Pouvez-vous raconter vos débuts musicaux ?
J’ai écrit ma première chanson à 7 ans. Mon père étudiait l’acquisition du langage chez l’enfant, il voulait faire des enregistrements de terrain et me disait « fais des sons, chante, raconte une histoire, fais ce que tu veux avec l’enregistreur ». Une de mes premières chansons, plus ou moins improvisée, a pour titre I Can See Japan, morceau caché sur l’album Little Red Songbook. « I can see Japan, I can see the mountain-tops and I can see your images, but maybe best of all I can see your love » sur l’air de I Can See For Miles, des Who. J’étais déjà un singer songwriter des années soixante…
Quel a été votre premier instrument ?
En fait, mon premier instrument a été cet enregistreur. J’avais aussi un piano. Je ne savais pas comment jouer, alors je mettais du papier toilettes sur les cordes, je tapais dessus avec des bouts de bois, pour faire des percussions. J’écoutais aussi les cassettes d’apprentissage de l’anglais de mon père, avec des dialogues comme « Il y a un éléphant dans le jardin qui veut rentrer dans la maison – Ne le laisse pas rentrer dans la maison » et j’en faisais des chansons.
Pouvez-vous raconter vos débuts en tant que musicien?
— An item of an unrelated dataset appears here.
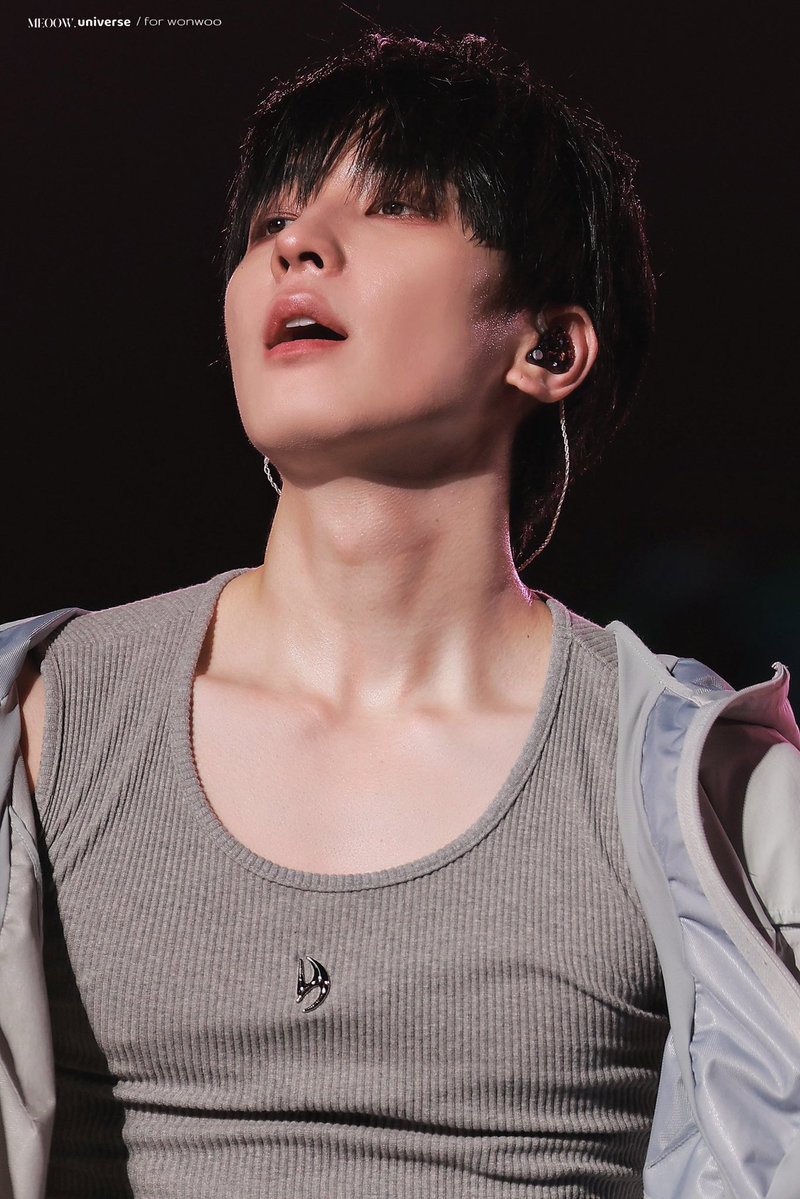 담담한 원우🐈⬛🧣 tweet media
Mon premier album, avec le groupe The Happy Family, date de 1982 : The Man on Your Street, avec d’anciens musiciens de Josef K. L’album raconte l’histoire d’un dictateur suisse et des brigades rouges italiennes. Il y a un côté oedipien à cet album, comme quand Fassbinder tournait un film sur un gang d’enfants devenant terroristes et assassinant leur beau-père dictateur.
Pourquoi « Momus » ?
Je suis devenu Momus en 1985 alors que je vivais à Londres, à la sortie de mon premier album solo, Circus Maximus. Le nom vient de la mythologie grecque, c’est le dieu de la moquerie. C’est un dieu irrévérencieux qui se moque des gens, qui s’élève contre l’autoritarisme. Ce nom sonnait un peu comme Bowie, mais si je l’ai choisi, c’est surtout parce qu’il s’agissait d’un des dieux grecs, et non d’un Dieu unique à vénérer. Ces dieux ont des traits humains et vivent de grandes aventures.